Yeah mate, we are lucky that we have those in our country, and just like last week we have an earthquake and right after, our phones ring coming from our disaster committee.

But I understand what the OP wanted to meant here, and I remember that I have posted warnings before during the pandemic wherein hackers and criminals are taking advantage of the situation and created a lot of websites related to covid. But in the background it's full of malware and everything is fake and they just wanted you to download. And once you fall and download anything, it will install malicious code like malwares.

[ScamViruS]

But I understand what the OP wanted to meant here, and I remember that I have posted warnings before during the pandemic wherein hackers and criminals are taking advantage of the situation and created a lot of websites related to covid. But in the background it's full of malware and everything is fake and they just wanted you to download. And once you fall and download anything, it will install malicious code like malwares.

It is sad that some criminals try to take advantage of people's bad times to do activities that are very dangerous for certain people. There are still many people online who are not careful while installing any apps, making them easy prey for cybercriminals. They look forward to exploiting any bad situation in the world to carry out major scams. During Covid there were also various scamming websites that conducted fake fundraiser activities.

Hope this warning from Op will help those inexperienced people to avoid installing such apps.

[PX-Z]

As long as the app isn't uploaded on those popular play store alike sites/apps then it's alright. But if not, then we can simply report it so it would not cause any damage.

[Dunamisx]

This malicious red alert app is a disastrous rocket indeed that can penetrate with depth to it's victims, we must be very careful of what we see online and download, there are many apps we ought not to have on our device but we downloaded them all because we want a better digital experience, another mistake we often do is by downloading from the wrong web address that have been cloned by scammer, this gives them more ability to have assurance in their penetration into our privacy.

[TravelMug]

As long as the app isn't uploaded on those popular play store alike sites/apps then it's alright. But if not, then we can simply report it so it would not cause any damage.

Unfortunately, this hackers have way to circumvent play store and who knows, maybe later we will hear that they are spreading the links to play store. So still it can do damage if someone goes to their website and download it and think that it is a legitimate apps.

Thanks for the heads up but I doubt there is any Israelites on here?

This is not just a warning to Israelites here, my point it that anyone is vulnerable and hackers are going to take advantage like the geo-political incidents that we have right now. So they could evolved as well and then target crypto wallets. It's not just a one and done development for them. They will released iterations of their malware to the point that it become so sophisticated that it will take months or years for anti-virus or malware hunters to find it out. And then it's too late as it has spread already wrecking havoc and victimizing a lot of people along the way.

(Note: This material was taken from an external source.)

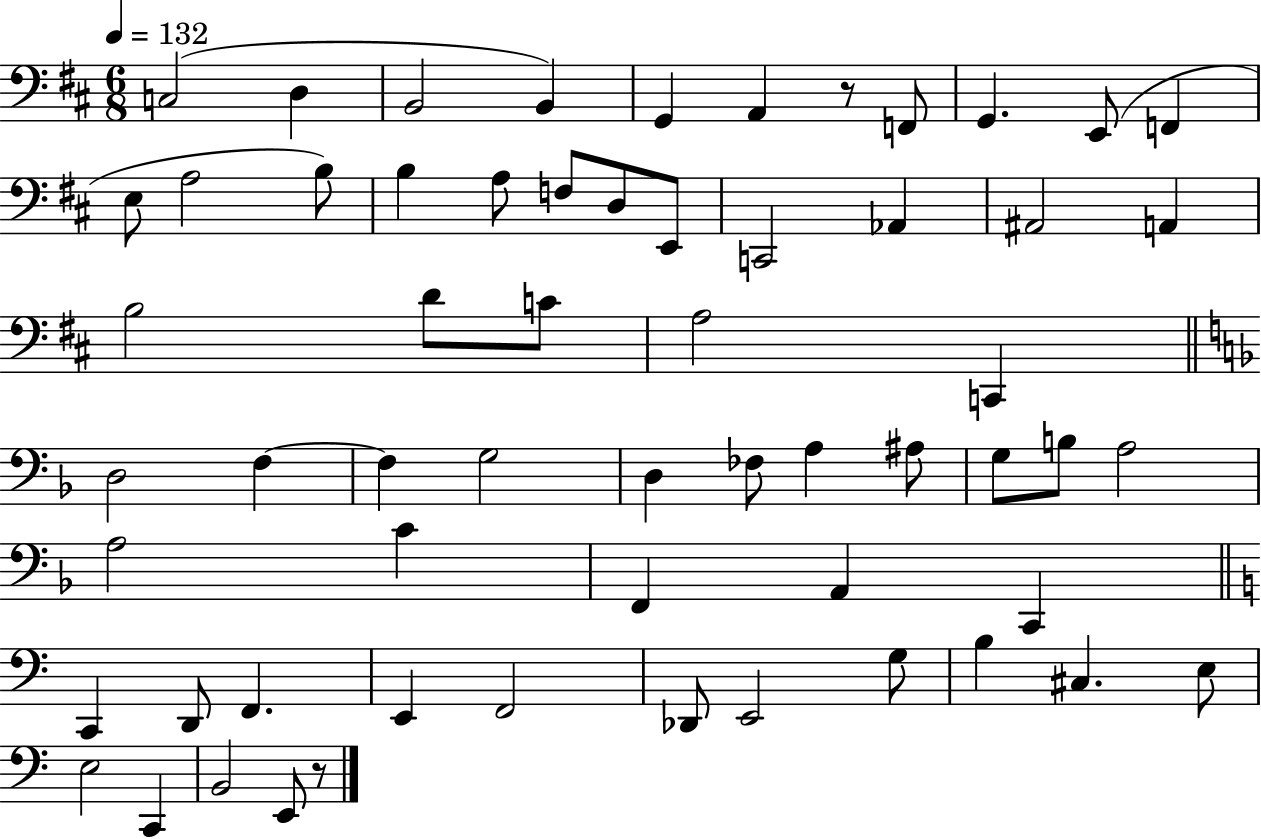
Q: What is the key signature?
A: D major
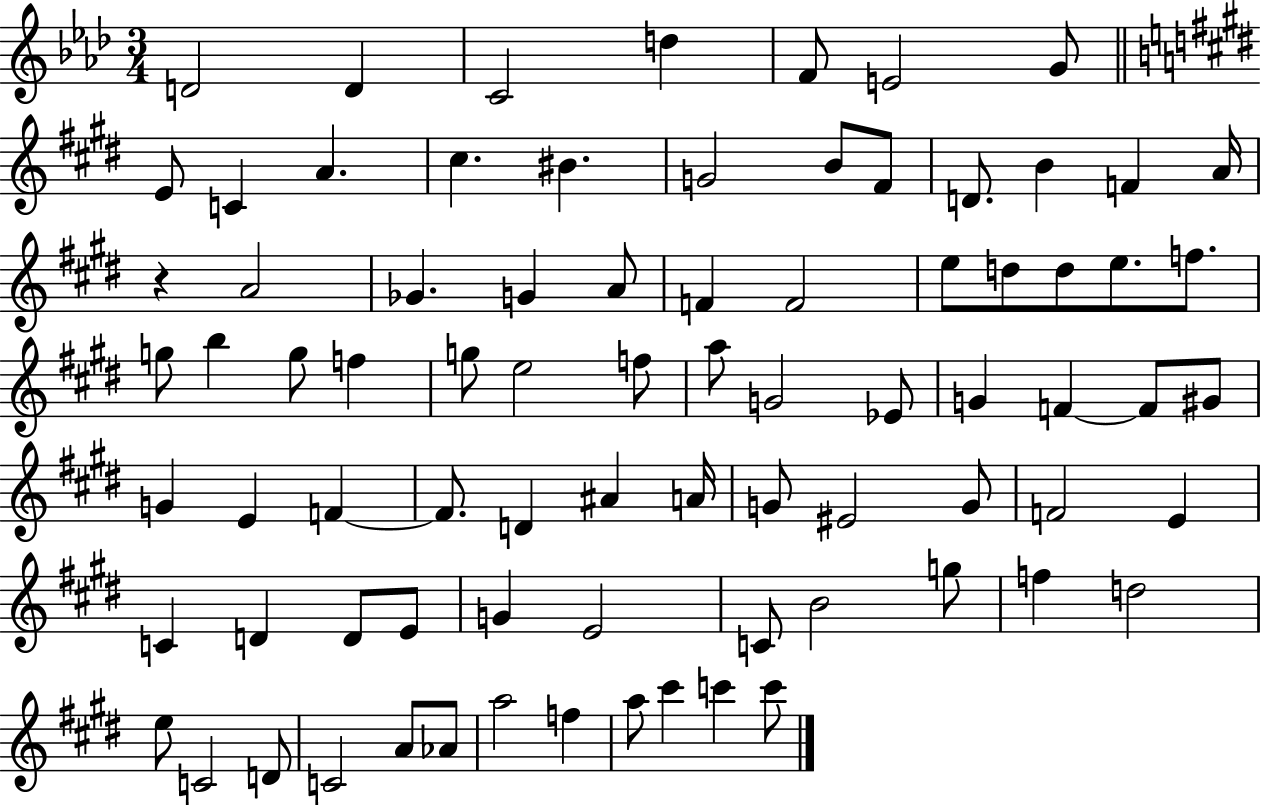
D4/h D4/q C4/h D5/q F4/e E4/h G4/e E4/e C4/q A4/q. C#5/q. BIS4/q. G4/h B4/e F#4/e D4/e. B4/q F4/q A4/s R/q A4/h Gb4/q. G4/q A4/e F4/q F4/h E5/e D5/e D5/e E5/e. F5/e. G5/e B5/q G5/e F5/q G5/e E5/h F5/e A5/e G4/h Eb4/e G4/q F4/q F4/e G#4/e G4/q E4/q F4/q F4/e. D4/q A#4/q A4/s G4/e EIS4/h G4/e F4/h E4/q C4/q D4/q D4/e E4/e G4/q E4/h C4/e B4/h G5/e F5/q D5/h E5/e C4/h D4/e C4/h A4/e Ab4/e A5/h F5/q A5/e C#6/q C6/q C6/e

But I understand what the OP wanted to meant here, and I remember that I have posted warnings before during the pandemic wherein hackers and criminals are taking advantage of the situation and created a lot of websites related to covid. But in the background it's full of malware and everything is fake and they just wanted you to download. And once you fall and download anything, it will install malicious code like malwares.

Yes, this is what I'm trying to convey in this point, as I have said, this cyber criminals are intelligent and very quick to take advantage of any situation in their favor just to make money out of this poor individuals.

So this is a warning and everyone should be very careful on what they downloading and think about the source.